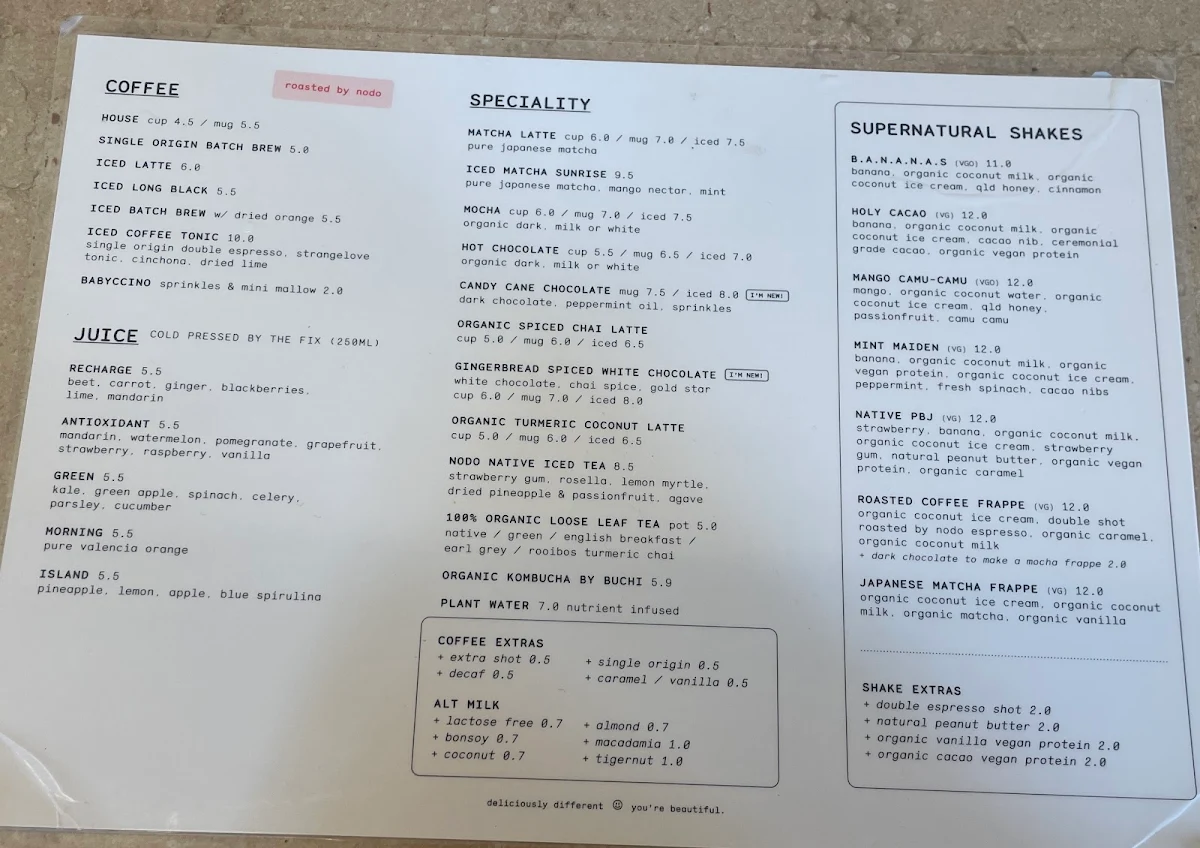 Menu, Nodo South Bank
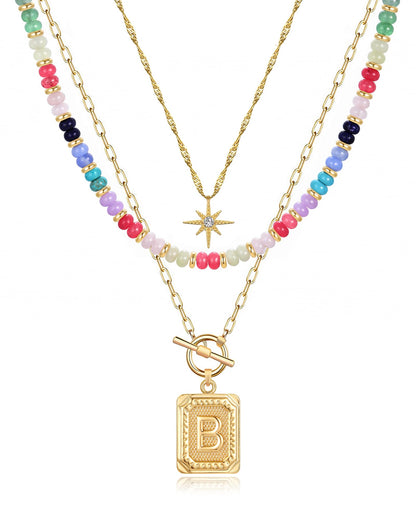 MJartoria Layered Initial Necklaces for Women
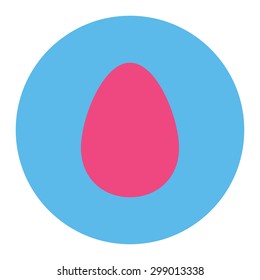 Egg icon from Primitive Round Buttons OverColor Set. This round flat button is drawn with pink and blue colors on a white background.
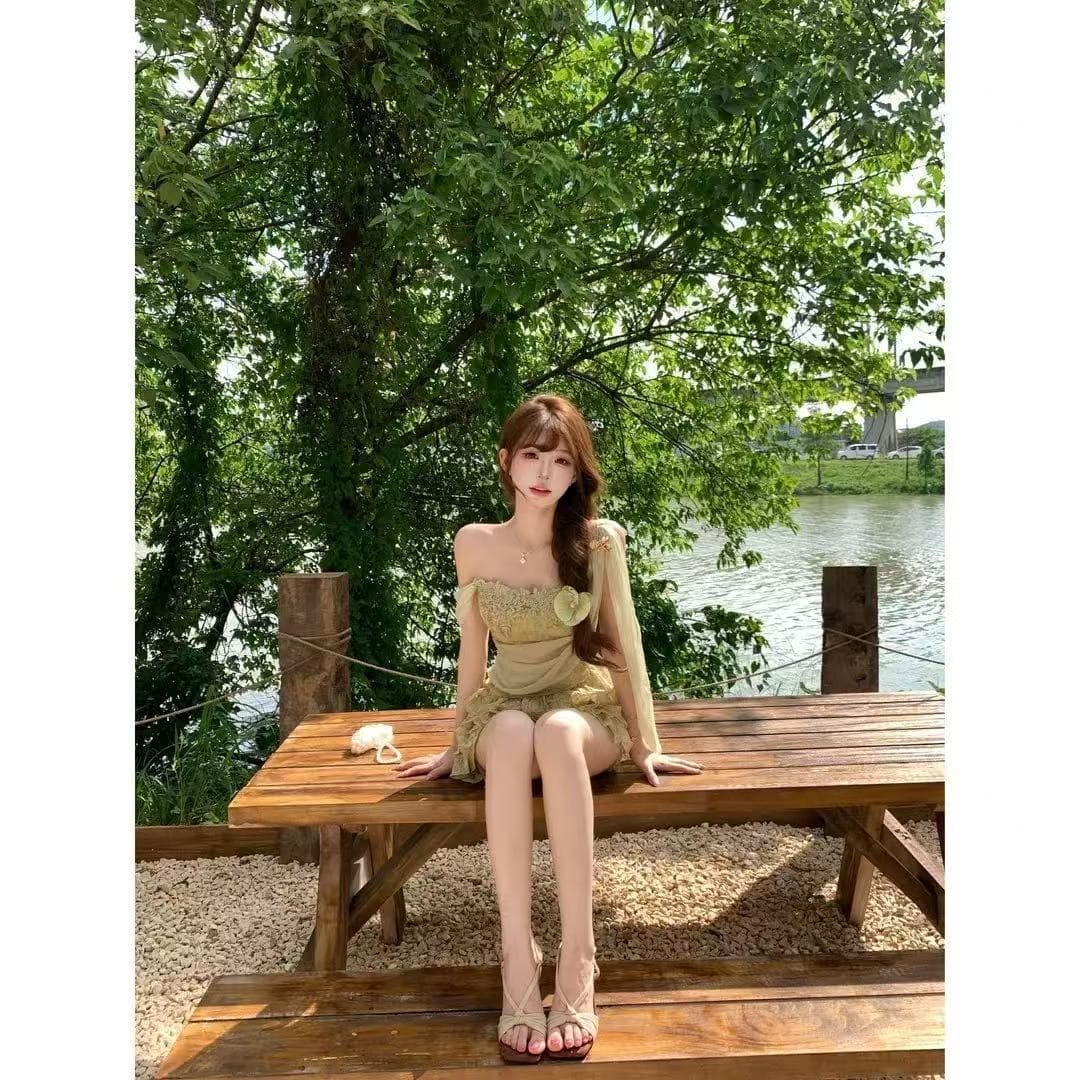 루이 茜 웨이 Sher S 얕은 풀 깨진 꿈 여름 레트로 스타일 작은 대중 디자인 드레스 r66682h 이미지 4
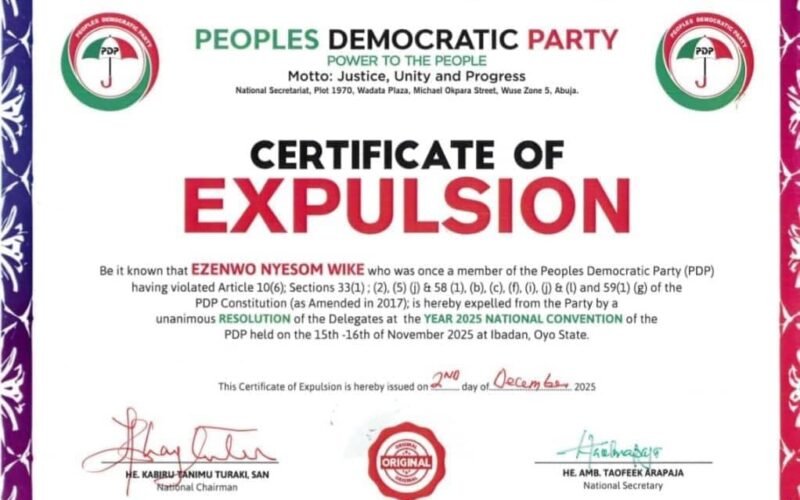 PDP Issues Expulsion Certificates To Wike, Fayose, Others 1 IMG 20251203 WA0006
++++++++
What needs to be done:
Print only the lines from the line that contains "Egg icon from" to the final line of the data, inclusive. Pictures stay out.

Finished task:
 Egg icon from Primitive Round Buttons OverColor Set. This round flat button is drawn with pink and blue colors on a white background.
 루이 茜 웨이 Sher S 얕은 풀 깨진 꿈 여름 레트로 스타일 작은 대중 디자인 드레스 r66682h 이미지 4
 PDP Issues Expulsion Certificates To Wike, Fayose, Others 1 IMG 20251203 WA0006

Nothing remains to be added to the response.